Recall that model \(R^2\) uses the predicted model error. Here, while we have errors, we don't model them directly. Instead, there has been some work related to goodness of fit in maximum likelihood settings. McFadden's Pseudo \(R^2\) is calculated as

\begin{equation} Psuedo \hspace{.05in} R^2=1-\frac{ln(L(\hat{\theta}))}{ln(L(\hat{\theta}_{constant}))} \end{equation}Some authors (Woolridge) argue that these are poor goodness of fit measures and one should tailor goodness of fit criteria for the situation one is facing.

### Implementation in R and Stata

The companion to this chapter shows how to implement many of these ideas in R and Stata.

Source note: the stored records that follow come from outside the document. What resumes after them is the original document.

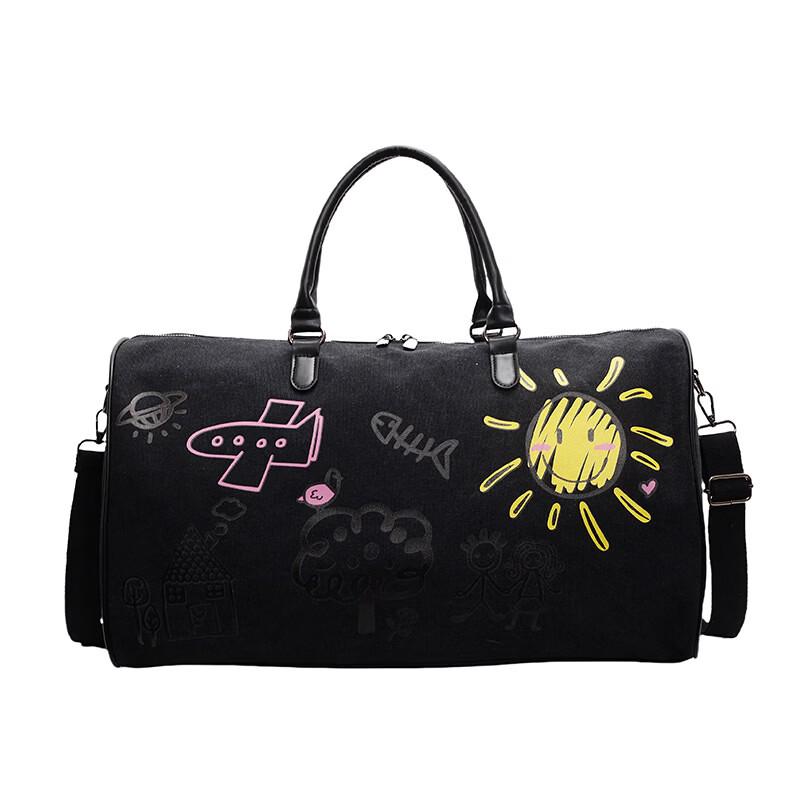 

Cartoon Print Large Travel & Gym Duffle Bag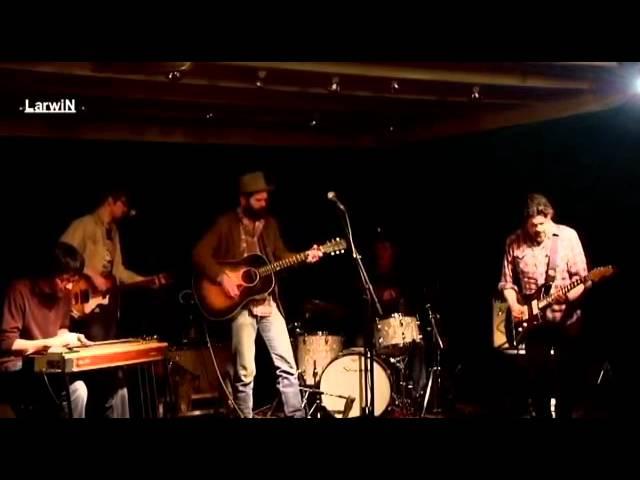 Jeffrey Foucault - Cold Satellite Band (USA) live from RootsontheRoad.NL (video by Larwin)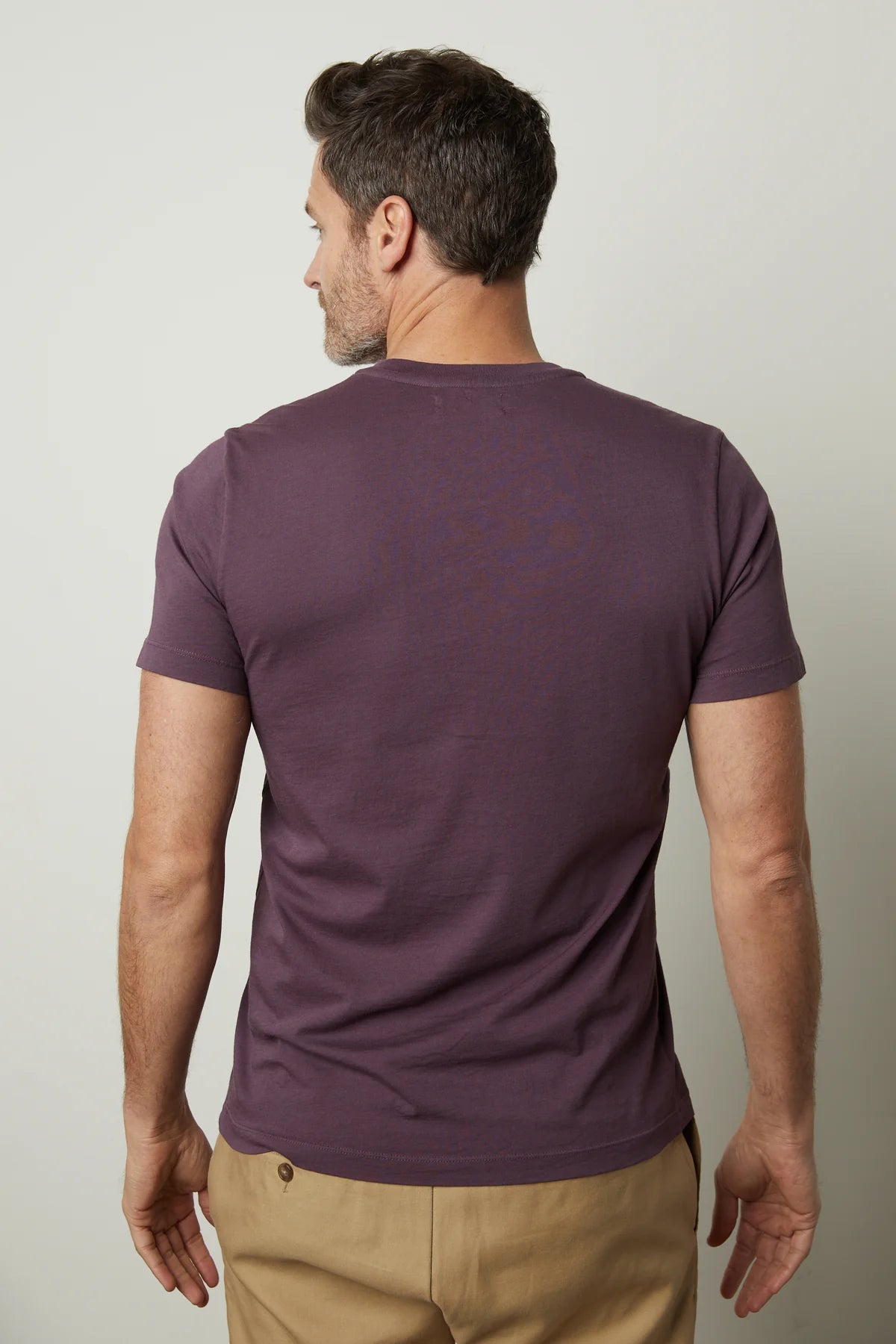 Velvet Marshall SS V Neck Tee Barrel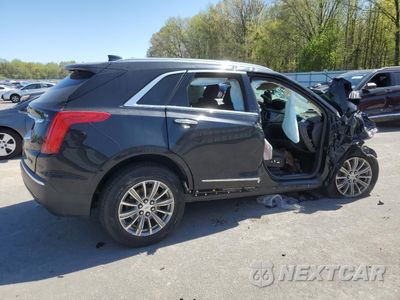 Trzecie zdjęcie samochodu z tyłu: 2019 CADILLAC XT5 LUXURY VIN:1GYKNDRS7KZ138195 - miniatura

[1] Matlab Code for Monte Carlo Experiment is given below . This code is provided for the interested student, and I don't expect you to understand how it works, nor will you be held responsible for knowing this for any exams or problem sets.

```
clc;
clear;
% This file shows how horribly wrong things can go when you run OLS and
% the censoring point is highly relevant.
sims=1000;
obs=1000;
b_ols=zeros(sims,2);
% Parameters
b_0=5;
b_x1=.5;
b=vertcat(b_0,b_x1);
for i=1:sims
x1=2*ones(obs,1)+2*randn(obs,1);
x=horzcat(ones(obs,1),x1);
% Generate some random normal variates
rand1=randn(obs,1);
% generate latent dy
dy=x*b+rand1;
% Observed y is truncated at 7.25
y=dy;
y(dy<7.25,1)=7.25;
% RUN OLS for this monte carlo simulation and store results
b_ols(i,:)=(inv(x'*x)*x'*y)';
end
% calculate estimated errors for the last monte carlo
ehat=y-x*b_ols(end,:)';
subplot(2,1,1); [f,xi] = ksdensity(rand1);
plot(xi,f);
title('True Model Error Std. Normal')
subplot(2,1,2); [f,xi] = ksdensity(ehat);
plot(xi,f);
title('Predicted Model Error')
pause
subplot(2,1,1);
hist(dy)
title('True DV Outcome')
subplot(2,1,2);
hist(y)
title('Observed DV')
pause
subplot (1,1,1)
% This is the density data
[f,xi] = ksdensity(b_ols(:,2));
plot(xi,f);
title('Distribution of b (\beta = .5)' )
```

[2] Thanks to Daniel Tay for developing this figure.